**EXERCISE DIRECTIONS:** In the data below, begin at the line with "Schwabe Stekkertoren 2" and stop after the line with "Toni Pons Damen"; output those lines exactly and no pictures.

**MATERIAL PROVIDED:**

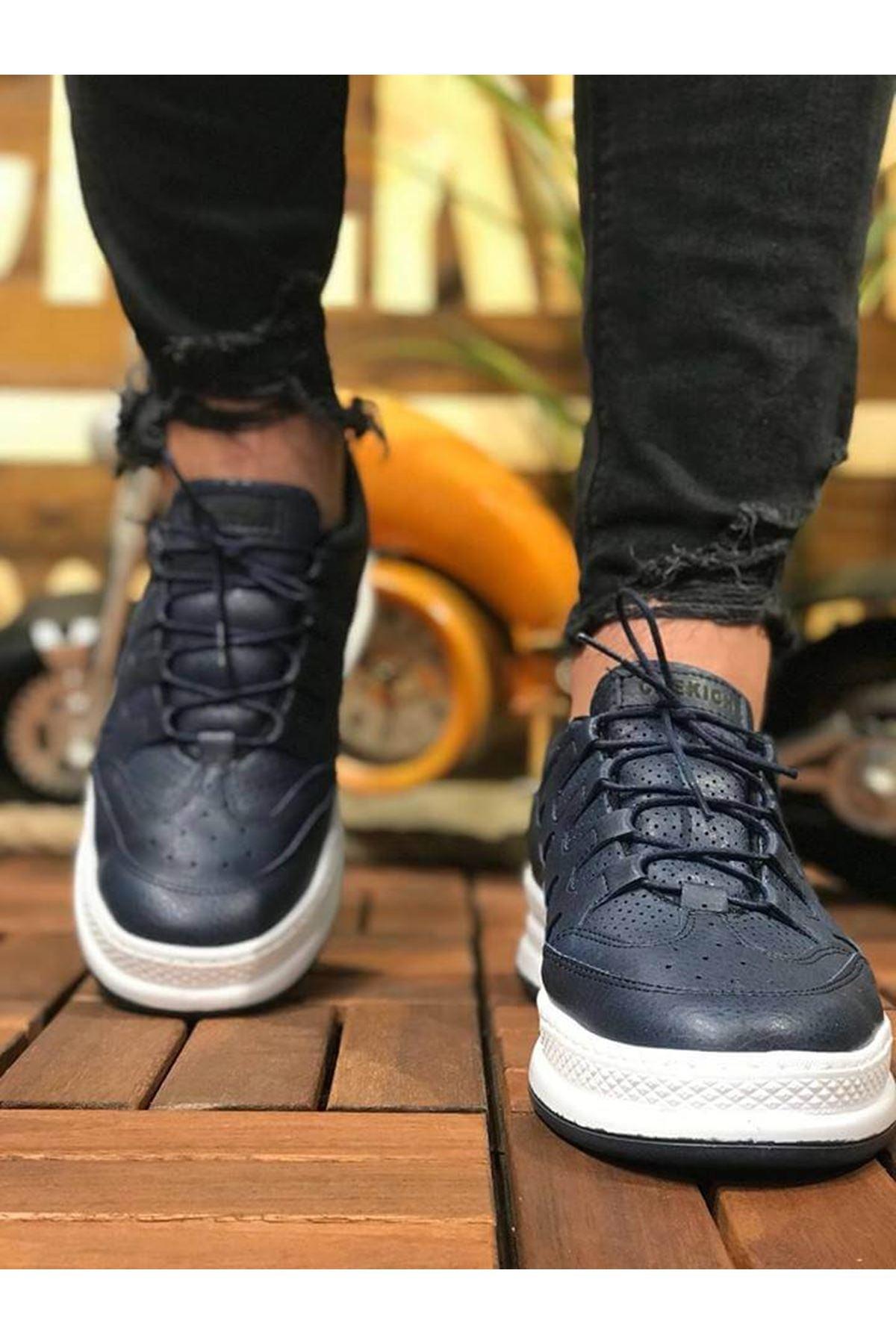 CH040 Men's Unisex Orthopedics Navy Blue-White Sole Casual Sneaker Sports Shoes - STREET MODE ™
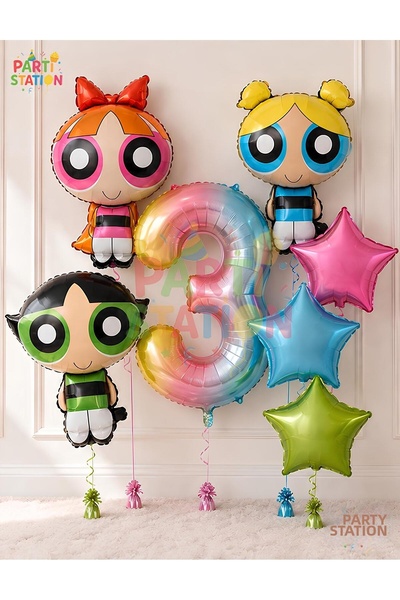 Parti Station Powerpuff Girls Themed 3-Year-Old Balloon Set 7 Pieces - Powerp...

---

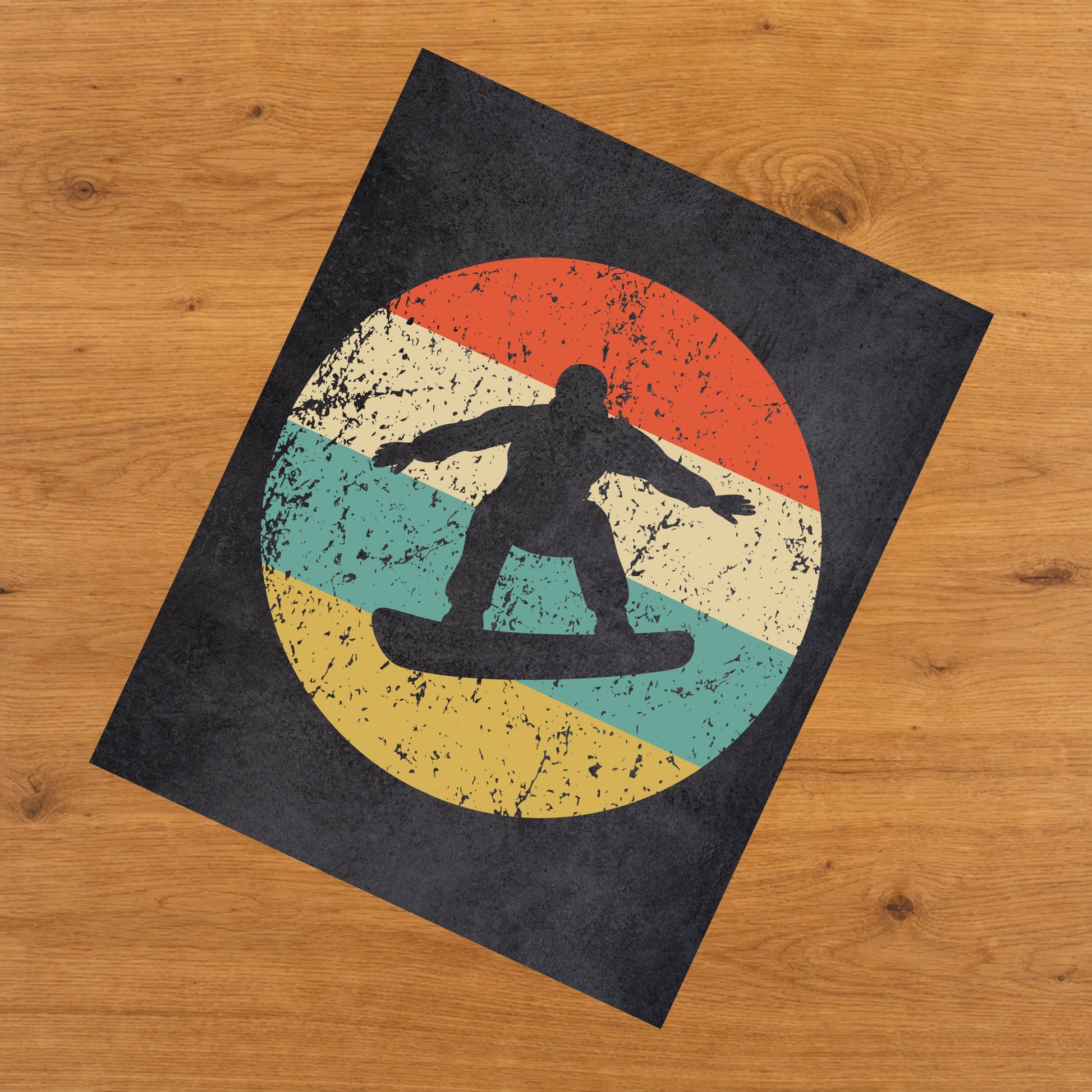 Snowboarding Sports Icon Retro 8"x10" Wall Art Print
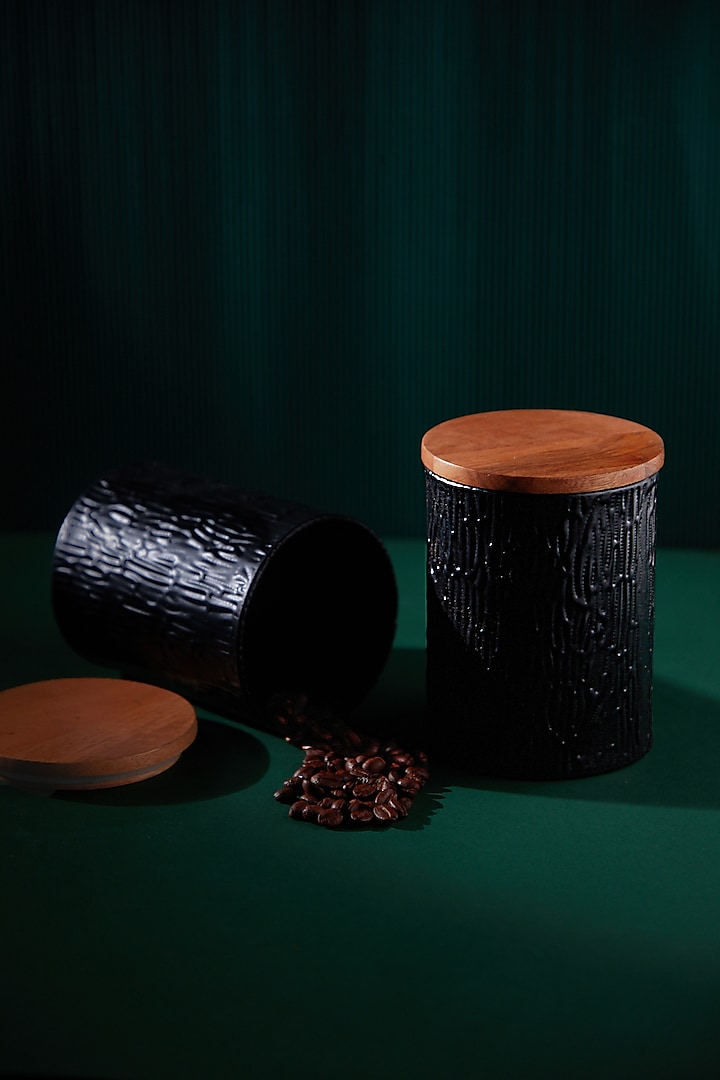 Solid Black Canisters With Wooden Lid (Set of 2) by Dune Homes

---

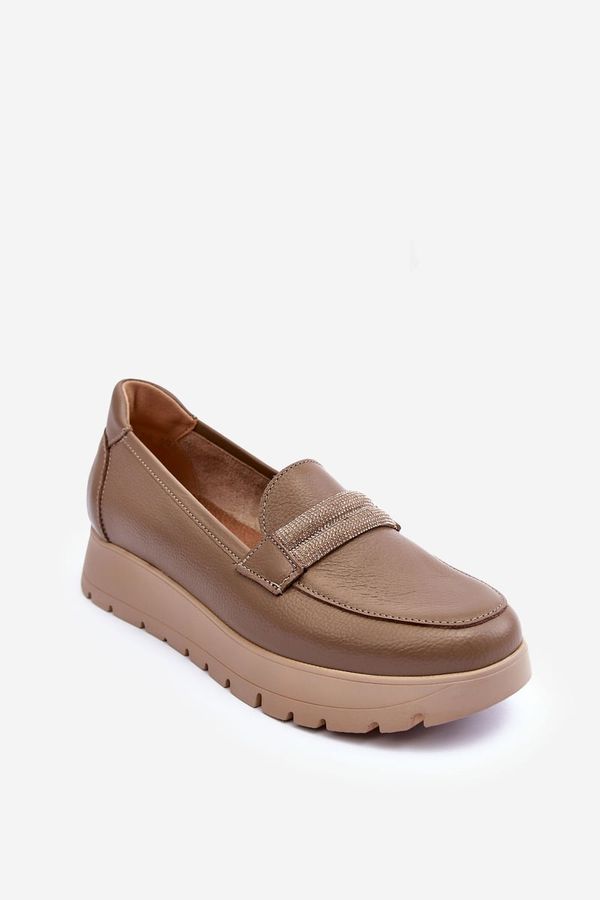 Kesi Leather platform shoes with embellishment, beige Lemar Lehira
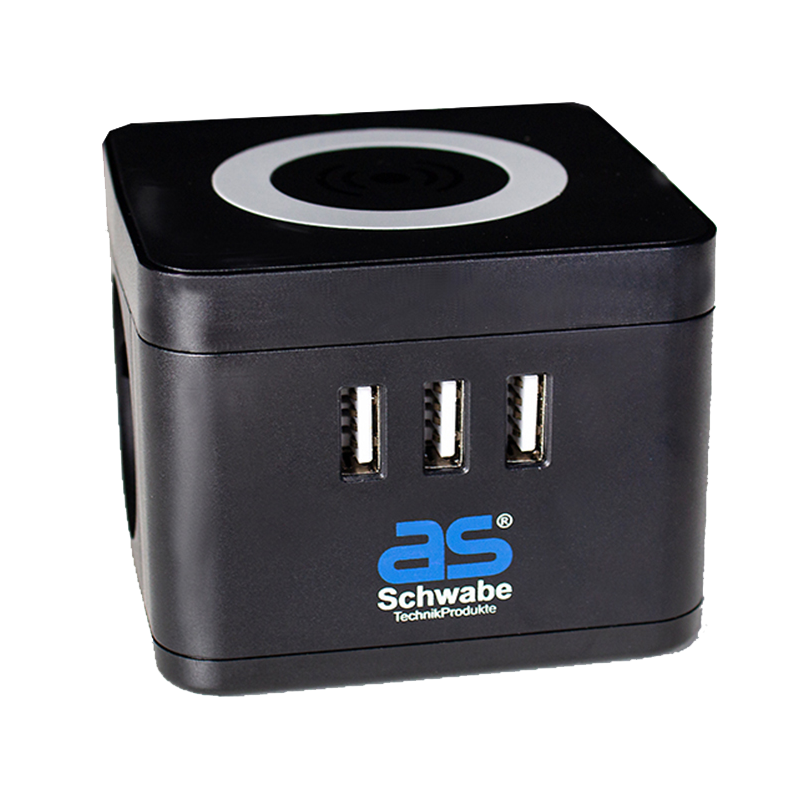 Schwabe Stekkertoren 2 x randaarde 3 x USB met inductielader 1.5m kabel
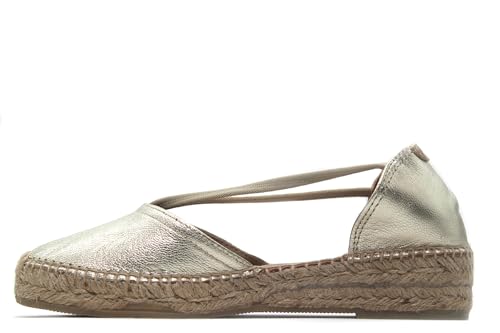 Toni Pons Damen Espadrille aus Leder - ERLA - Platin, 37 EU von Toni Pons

**YOUR RESPONSE:**
 Schwabe Stekkertoren 2 x randaarde 3 x USB met inductielader 1.5m kabel
 Toni Pons Damen Espadrille aus Leder - ERLA - Platin, 37 EU von Toni Pons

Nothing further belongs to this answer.